Go to contents

A lesson from the Galaxy Express 999

Posted March. 28, 2017 07:30,   

Updated March. 28, 2017 07:35


Japanese people have a special affection for trains. When a sleeping car express train between Osaka and Sapporo retired in March 2015, some 3,500 people gathered to say goodbye to the train. Japan is estimated to have around 2 million train fans including those who take train photos or collect train souvenirs and the size of the related industry is around at 4 billion yen.

The Galaxy Express 999, a Japanese animation with a background of space, shows a train that looks like a steam engine but runs faster than light, instead of a spaceship. The protagonist is a 10-year-old boy who lost his mother and gets on the train with the help of a blond woman named Maetel. It is about a journey to the final destination of Andromeda that makes a human into a robotic human that lives forever. The animation was first released in a magazine in series in 1977 and then made into an animation film for TV and theaters. It was first aired on TV in Korea in 1981 and then aired again in 1996 and 2009. “The train runs through darkness and crosses the Galaxy, the sunlight pours into the space station.” Many in the 40s and 50s used to have a dream about space singing along the theme song of “The Galaxy 999.”

Japanese manga artist Leiji Matsumoto, 79, visited Korea to celebrate a special exhibition of the animation marking the 40th year since the release. While the story covers somewhat difficult topics like life and death, eternity and limitedness, and humans and machines, the protagonist in the animation finally chooses a human life, instead of a human machine. “If you were to live forever, you would not live your life to the fullest,” Leiji said. The lesson from the Japanese animation still resonates with people as we will soon live in an era of artificial intelligence.

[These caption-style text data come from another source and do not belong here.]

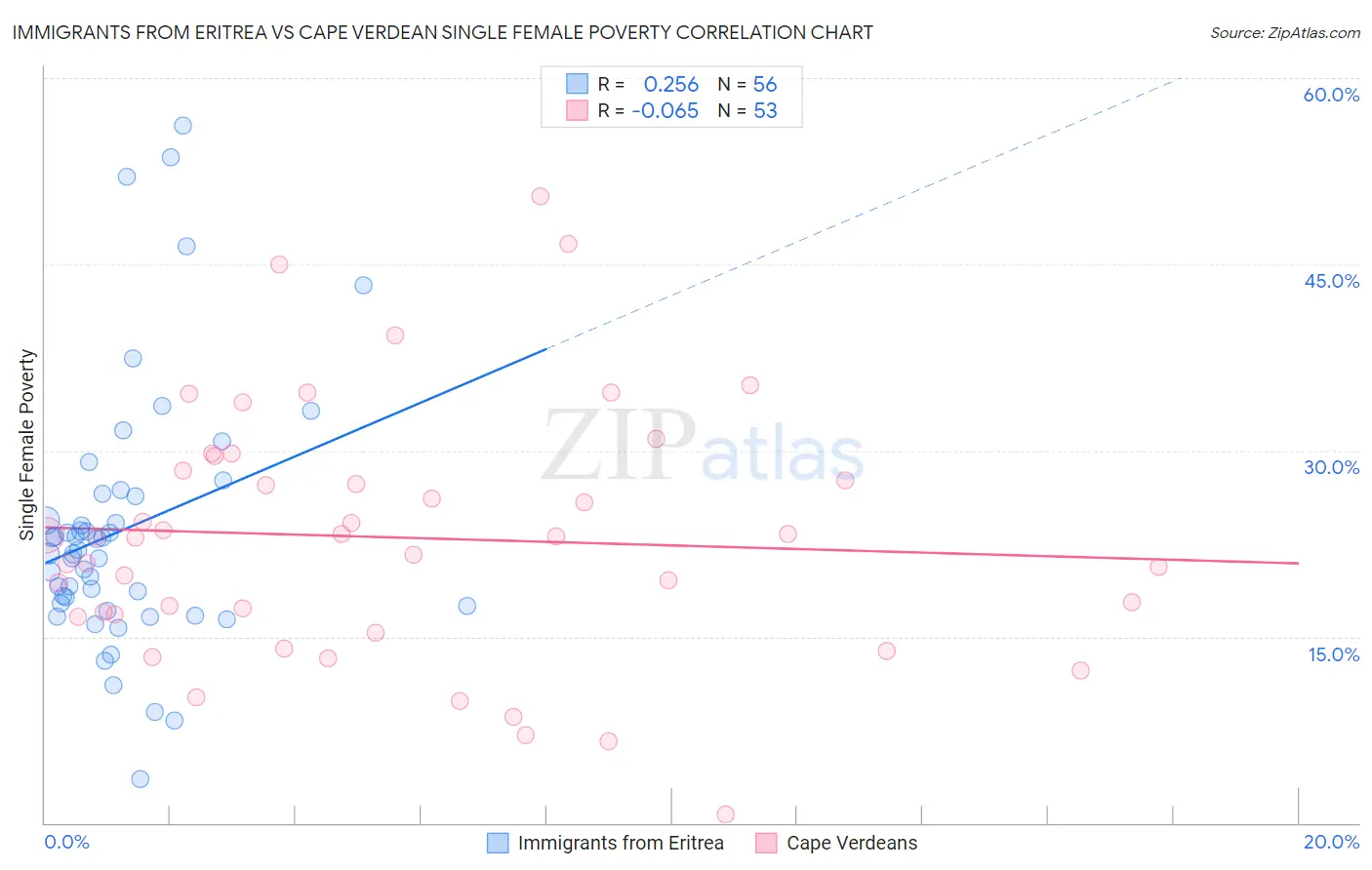 Immigrants from Eritrea vs Cape Verdean Single Female Poverty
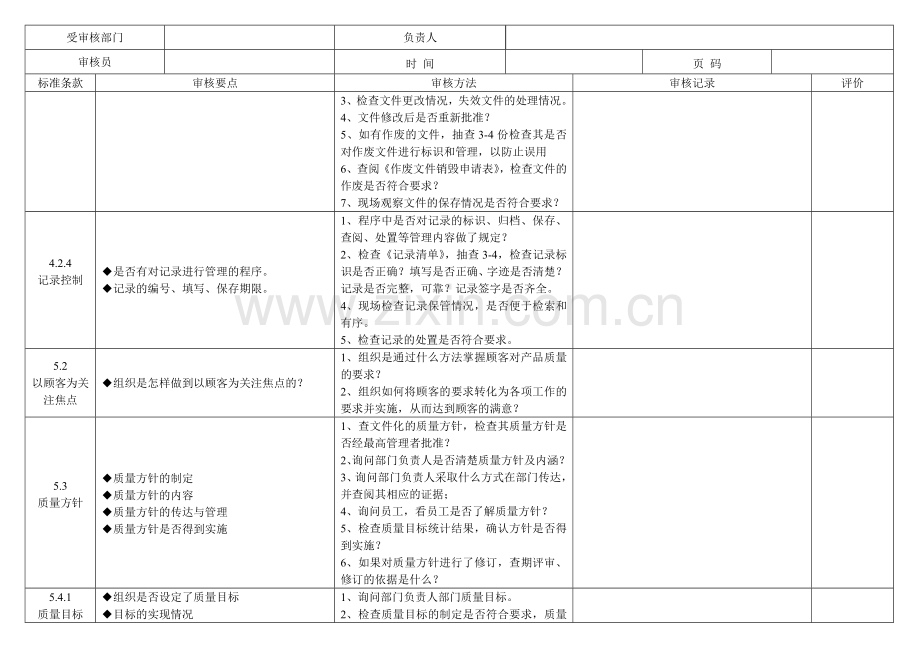 2015年3月内审检查表(销售).doc_第2页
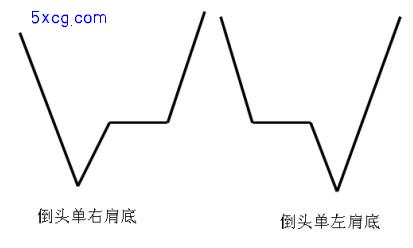 5xcg.com 我学炒股网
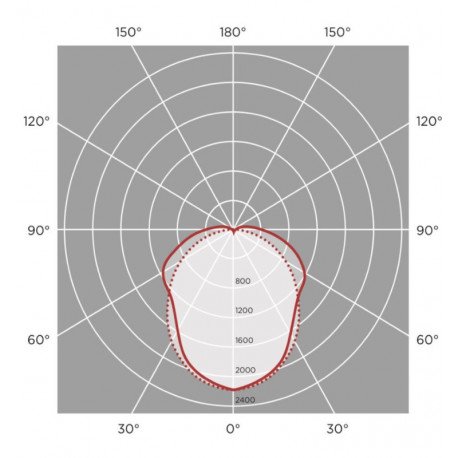 LED Armatuur waterdicht  150cm OSRAM driver instelbaar 25-44W
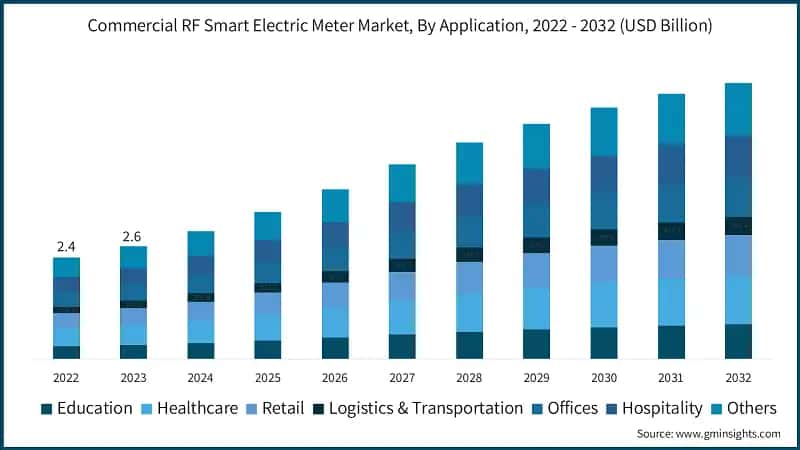 Commercial RF Smart Electric Meter Market, By Application, 2022 - 2032 (USD Billion)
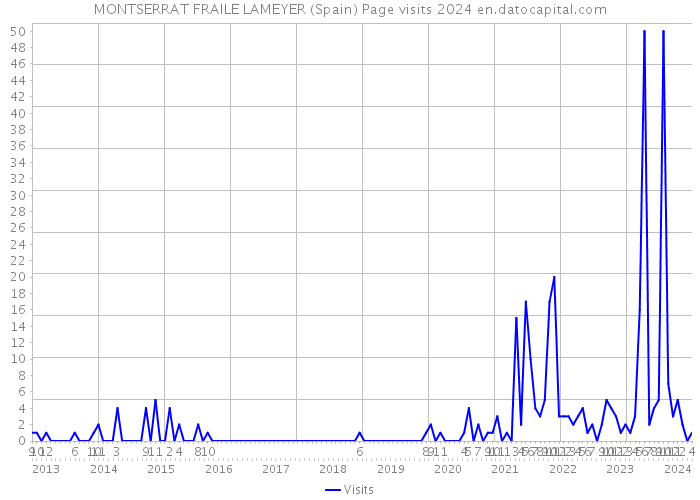 MONTSERRAT FRAILE LAMEYER (Spain) Page visits 2024 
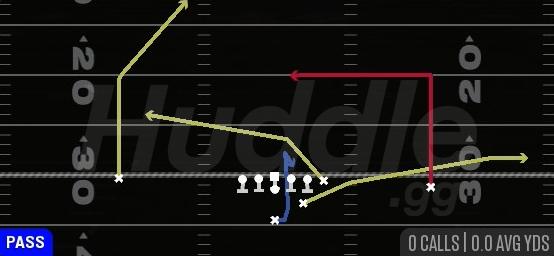 PA DRAW PASS - Strong I Pro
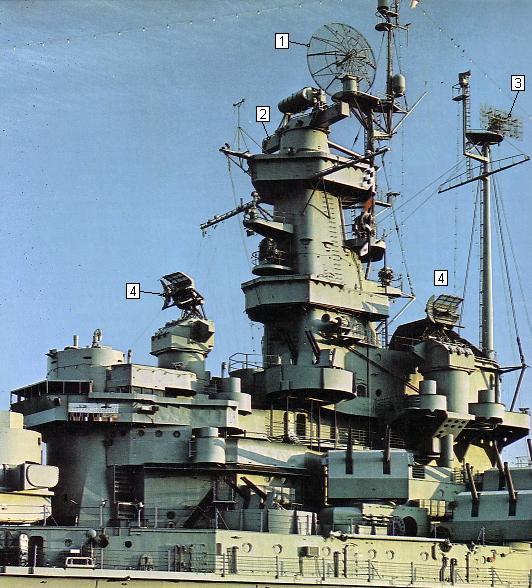 Vista panorámica de la superestructura del acorazado USS Alabama, las marcas son 1. Antena emisora-receptora parabólica para radar aéreo, 2. Telémetro director de tiro visual, 3. Antena emisora-receptora parabólica truncada y 4. Antenas emisoras-receptoras de ángulo deflector para dirección de tiro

“The Cat that Lived a Million Times” is a Japanese picture book about a cat that lived and died one million times. The cat had never cried while living one million years as he did not know emotions such as sadness, parting and a sense of loss. It finally wailed after another cat that he loved died. As living a life without feeling the meaning of one’s life means nothing, the cat gives up on its 101st reincarnation. Living only once without regret, instead of an eternal life, would probably the precious lesson that the protagonist and the cat learned.